Could all of the entries be written out exactly, with any pictures omitted?

[Crawled caption data]
::::::
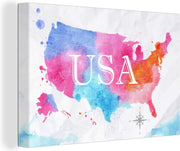 Canvas Schilderijen - Amerika - Wereldkaart - Waterverf - 30x20 cm - Wanddecoratie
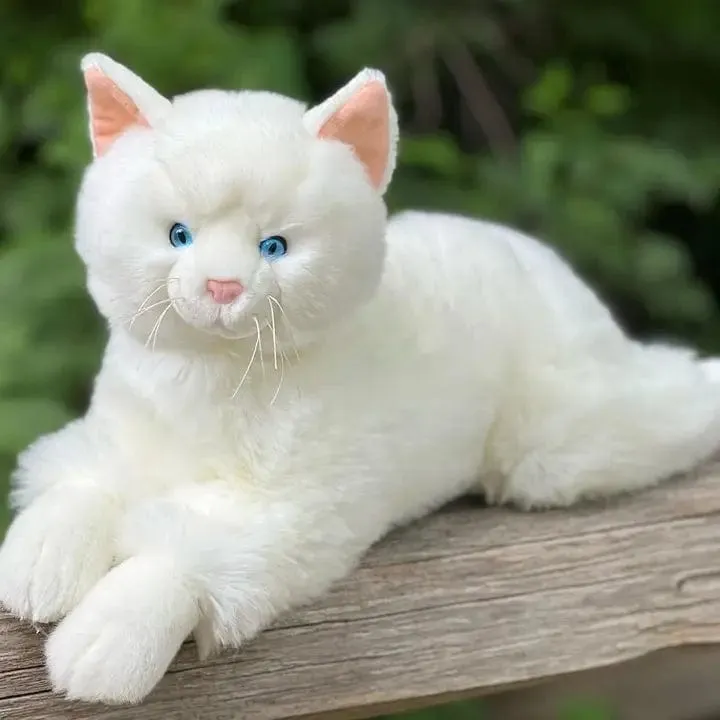 White Floppy Plush Cat Blue Eyes 19" Bianca by Auswella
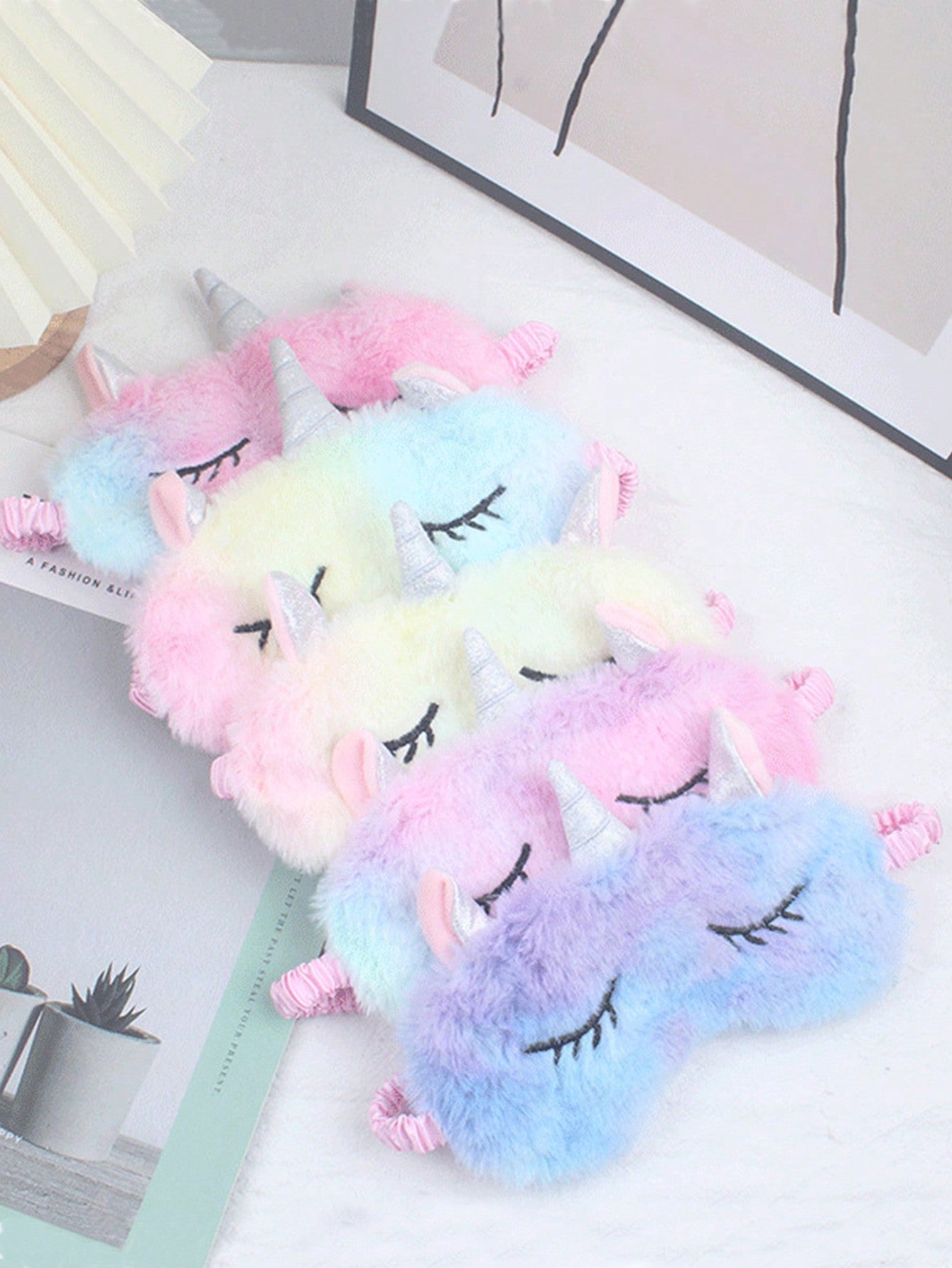 1pc Random Color Cute Plush Unicorn Eye Mask For Girls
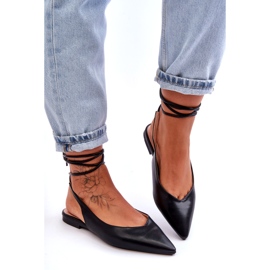 Ženske vezane balerine crne sandale crno 3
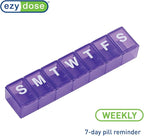 EZY DOSE Weekly (7-Day) Daily Pill Case, Medicine Planner, Vitamin Organizer, Supplement Container, Convenient and Easy to Use, Large Compartments, Travel Friendly, Color May Vary, BPA Free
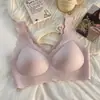 Borde de Onda Sin Costuras Moda Ajustado al Cuerpo Ropa Interior para Mujer Pecho Pequeño Push-Up Sin Aros Almohadillas Extraíbles Sujetador Deportivo para Mujer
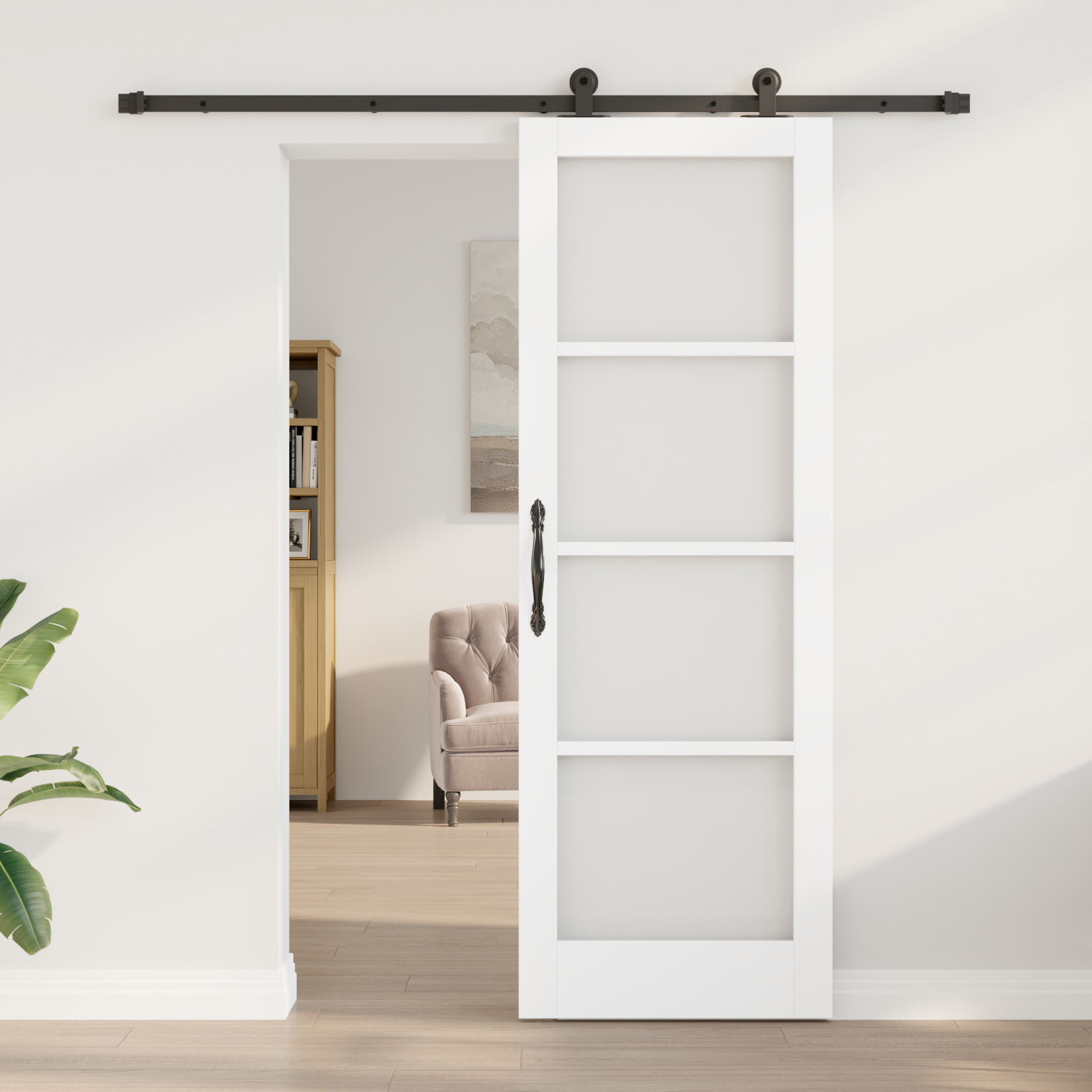 vidaXL Schuifdeur met Hardware Set 'ORKDAL'Wit Massief Hout en Glas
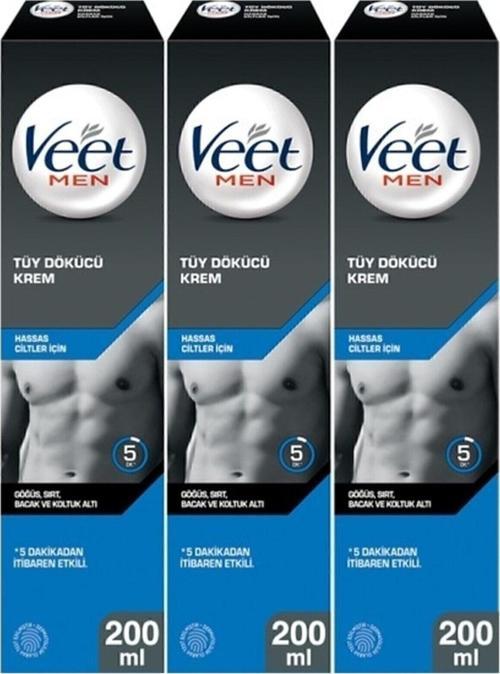 Men Erkeklere Özel Tüy Dökücü Krem Hassas Ciltler İçin 600 Ml (200Ml X 3 Adet)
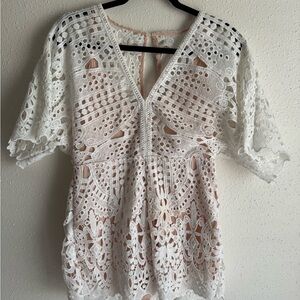 The Room Cream and White Crochet Romper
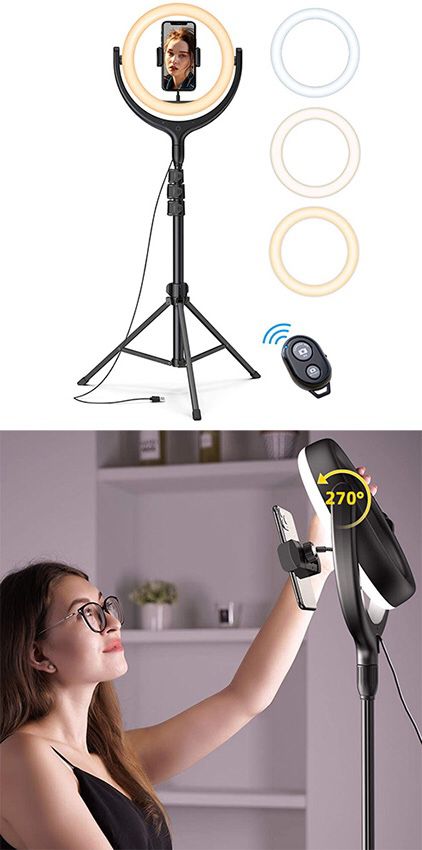 (NEW) $45 LED 10” Selfie Ring Light w/ 67” Tripod Stand & Phone Holder for Makeup/Video/Photo
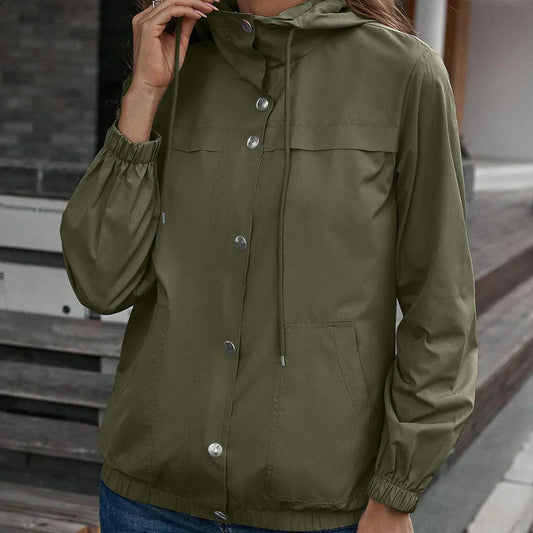 Veste de pluie active pour extérieur avec capuche - Imperméable et coupe-vent
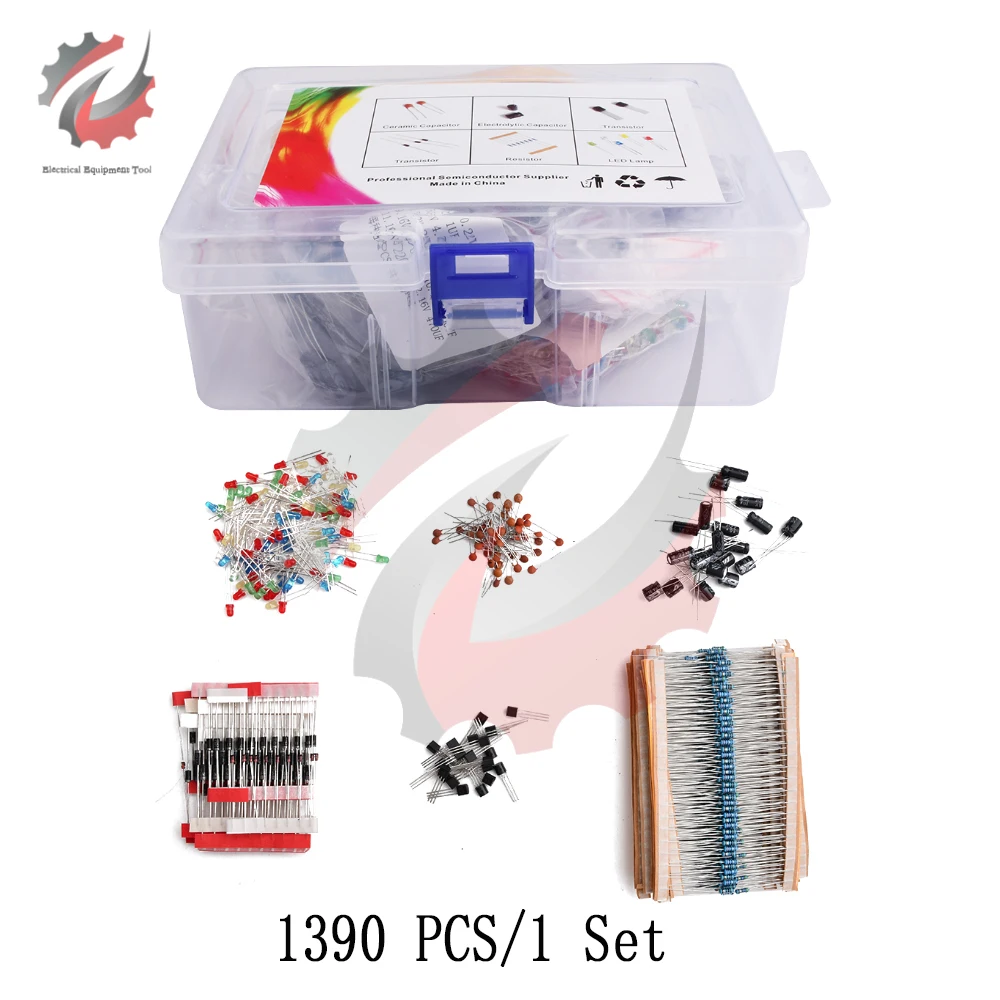 1390PCS Component Electronic Kit 1/4W Resistance 1% Metal Film Resistor Electrolytic Capacitor LED Emitting Diode Ceramic Chip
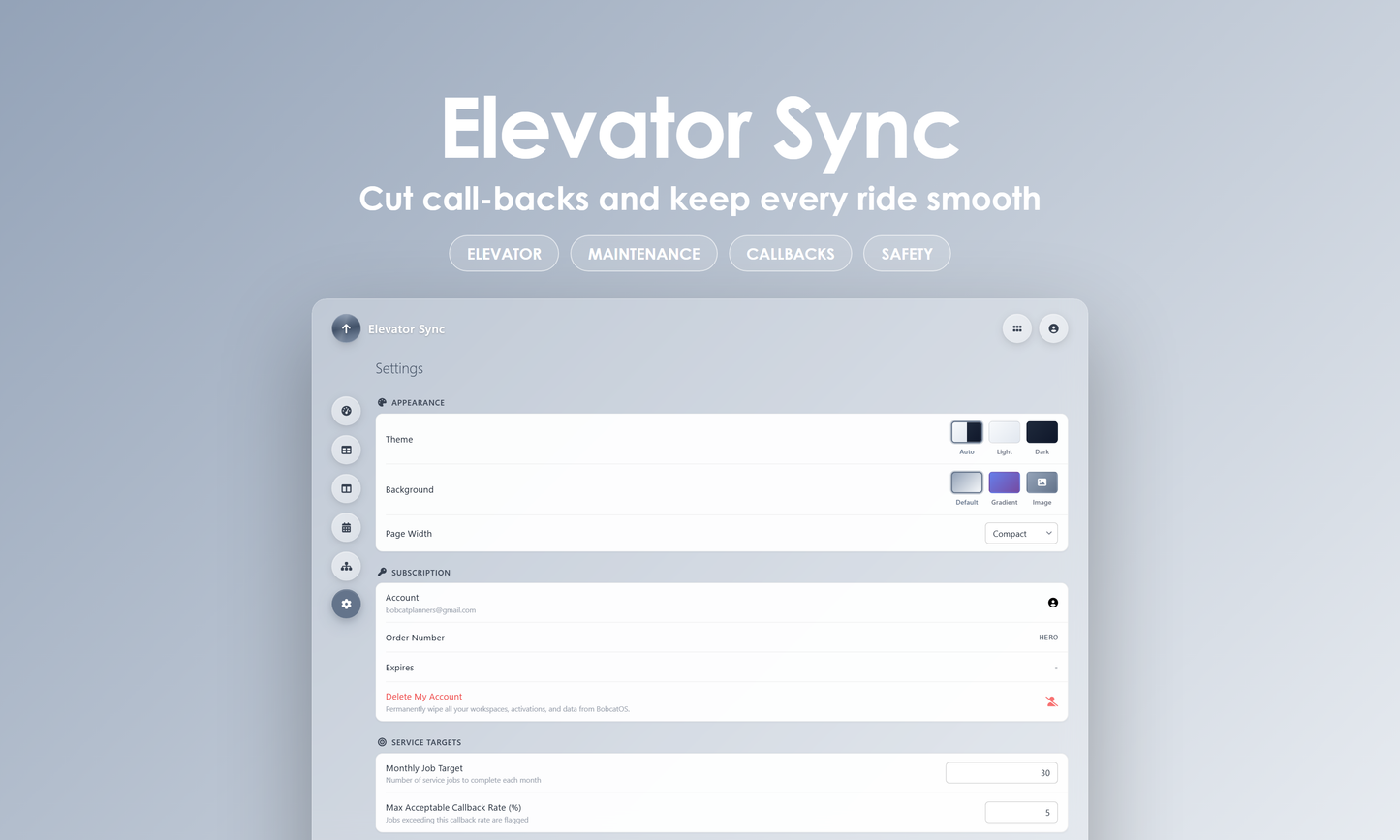 Elevator Sync - Settings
::::::
- [REPLY TO THE EXERCISE]
 Canvas Schilderijen - Amerika - Wereldkaart - Waterverf - 30x20 cm - Wanddecoratie
 White Floppy Plush Cat Blue Eyes 19" Bianca by Auswella
 1pc Random Color Cute Plush Unicorn Eye Mask For Girls
 Ženske vezane balerine crne sandale crno 3
 EZY DOSE Weekly (7-Day) Daily Pill Case, Medicine Planner, Vitamin Organizer, Supplement Container, Convenient and Easy to Use, Large Compartments, Travel Friendly, Color May Vary, BPA Free
 Borde de Onda Sin Costuras Moda Ajustado al Cuerpo Ropa Interior para Mujer Pecho Pequeño Push-Up Sin Aros Almohadillas Extraíbles Sujetador Deportivo para Mujer
 vidaXL Schuifdeur met Hardware Set 'ORKDAL'Wit Massief Hout en Glas
 Men Erkeklere Özel Tüy Dökücü Krem Hassas Ciltler İçin 600 Ml (200Ml X 3 Adet)
 The Room Cream and White Crochet Romper
 (NEW) $45 LED 10” Selfie Ring Light w/ 67” Tripod Stand & Phone Holder for Makeup/Video/Photo
 Veste de pluie active pour extérieur avec capuche - Imperméable et coupe-vent
 1390PCS Component Electronic Kit 1/4W Resistance 1% Metal Film Resistor Electrolytic Capacitor LED Emitting Diode Ceramic Chip
 Elevator Sync - Settings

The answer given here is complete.